Friday, September 18, 2020

Practice Digitally Proficient CIO Leadership at Three Levels

Transformation is strategic organizational alignment leveraging "core capabilities" to achieve business goals with clear ownership and accountability at all levels.


In the face of “VUCA” digital new normal, there are a lot of opportunities for CIOs to raise their intellectual voice, clarify the role of IT in business transformation. IT leaders are not just tactical managers but the top business executives who need to make profound leadership influences across the entire company and even the business ecosystem. 

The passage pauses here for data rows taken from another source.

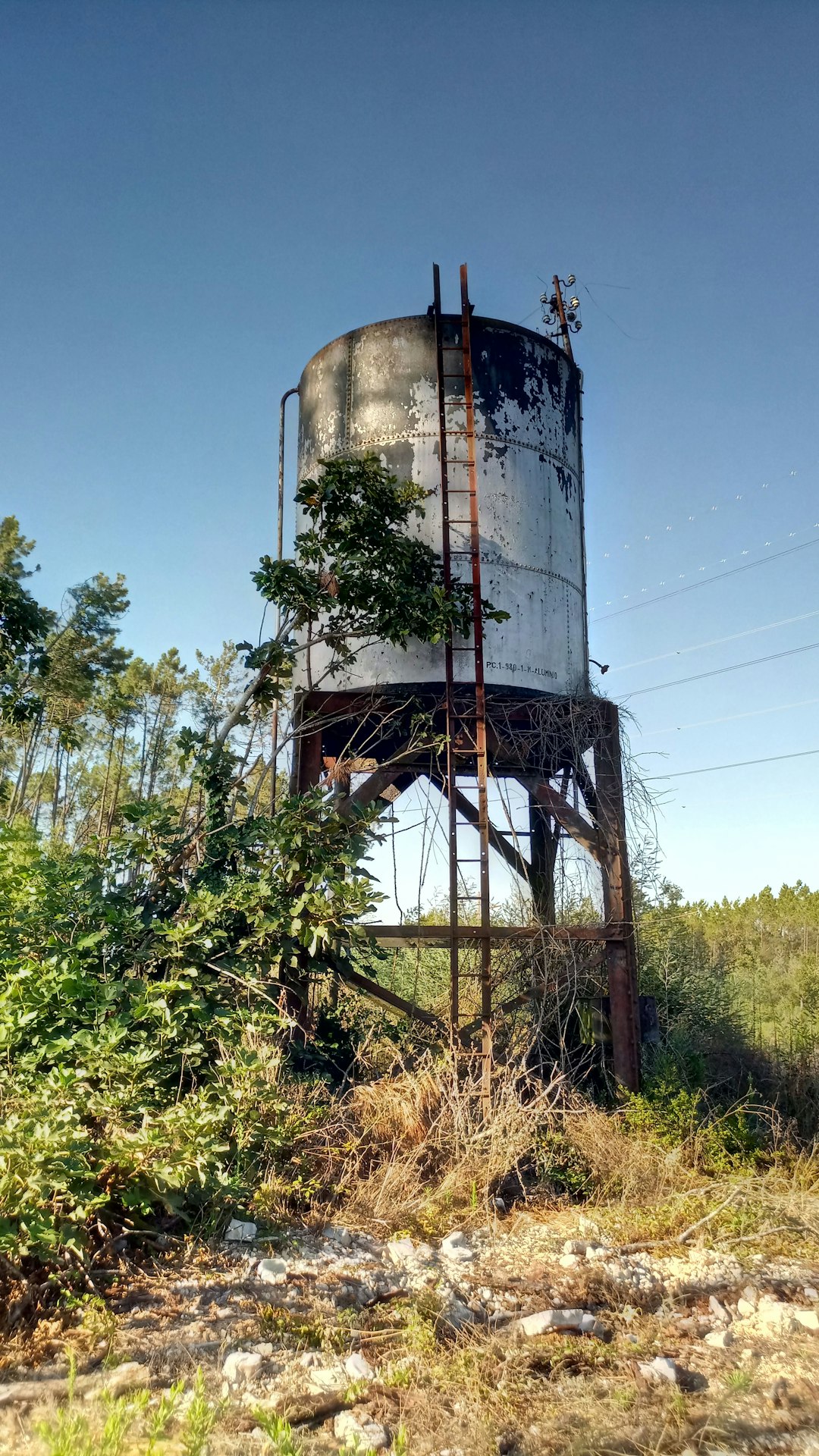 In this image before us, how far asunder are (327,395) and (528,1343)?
8902 millimetres

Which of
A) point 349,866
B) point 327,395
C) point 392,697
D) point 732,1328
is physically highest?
point 327,395

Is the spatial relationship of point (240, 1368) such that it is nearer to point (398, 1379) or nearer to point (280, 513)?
point (398, 1379)

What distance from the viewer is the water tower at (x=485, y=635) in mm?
A: 9102

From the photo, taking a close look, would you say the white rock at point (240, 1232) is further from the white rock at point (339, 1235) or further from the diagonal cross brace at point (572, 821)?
the diagonal cross brace at point (572, 821)

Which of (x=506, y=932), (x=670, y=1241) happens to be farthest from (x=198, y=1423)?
(x=506, y=932)

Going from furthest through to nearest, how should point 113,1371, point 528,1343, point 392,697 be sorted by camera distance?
point 392,697
point 528,1343
point 113,1371

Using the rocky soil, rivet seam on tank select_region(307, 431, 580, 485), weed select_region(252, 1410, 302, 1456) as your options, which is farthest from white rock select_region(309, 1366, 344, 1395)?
rivet seam on tank select_region(307, 431, 580, 485)

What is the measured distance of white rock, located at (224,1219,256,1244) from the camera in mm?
5828

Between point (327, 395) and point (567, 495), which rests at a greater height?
point (327, 395)

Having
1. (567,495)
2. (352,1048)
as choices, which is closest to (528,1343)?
(352,1048)

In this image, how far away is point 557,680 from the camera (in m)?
9.77

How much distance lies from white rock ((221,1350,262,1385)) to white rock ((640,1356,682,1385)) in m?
1.84

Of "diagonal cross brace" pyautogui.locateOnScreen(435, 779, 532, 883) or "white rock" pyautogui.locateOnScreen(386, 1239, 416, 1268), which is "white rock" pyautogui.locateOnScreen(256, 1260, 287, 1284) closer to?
"white rock" pyautogui.locateOnScreen(386, 1239, 416, 1268)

Broadly speaking, Information Technology is about distributing and sharing intelligence on the scale and assisting individual, business, or social needs, uniformly, fairly, and effectively. In order to get IT digital-ready, digitally proficient CIOs need to enforce communication effectiveness and take proactive approaches to drive transformative change.


IT leaders should be open and listen to their own staff for discussing critical issues: Digital CIOs lead through influence, not through command and control. First of all, they should make an objective assessment of their own organization and IT management approach, be open, and collect feedback for making continuous improvements. What is required for IT management quality check is clarifying the purpose and engaging all the people involved working together as a team with complementary skills, and the fitting competencies to implement the business strategy, and excel in the delivery of product/service with accelerated speed.

IT leaders need to focus on talent management to ensure personnel is professionally healthy. Rotate IT staff across teams to give them exposure to different technologies and business applications. CIOs should encourage IT staff to keep updating their skills and build trustful relationships to bridge gaps between business and IT. IT leaders not only manage IT groups but also work to integrate IT into the business and present the strategic value proposition. It does also make sense to assign some IT staff in the business functions or work closely with internal customers for truly understanding the need of business, or bring business folks into IT for getting first-hand feedback from users on how to improve the overall business performance.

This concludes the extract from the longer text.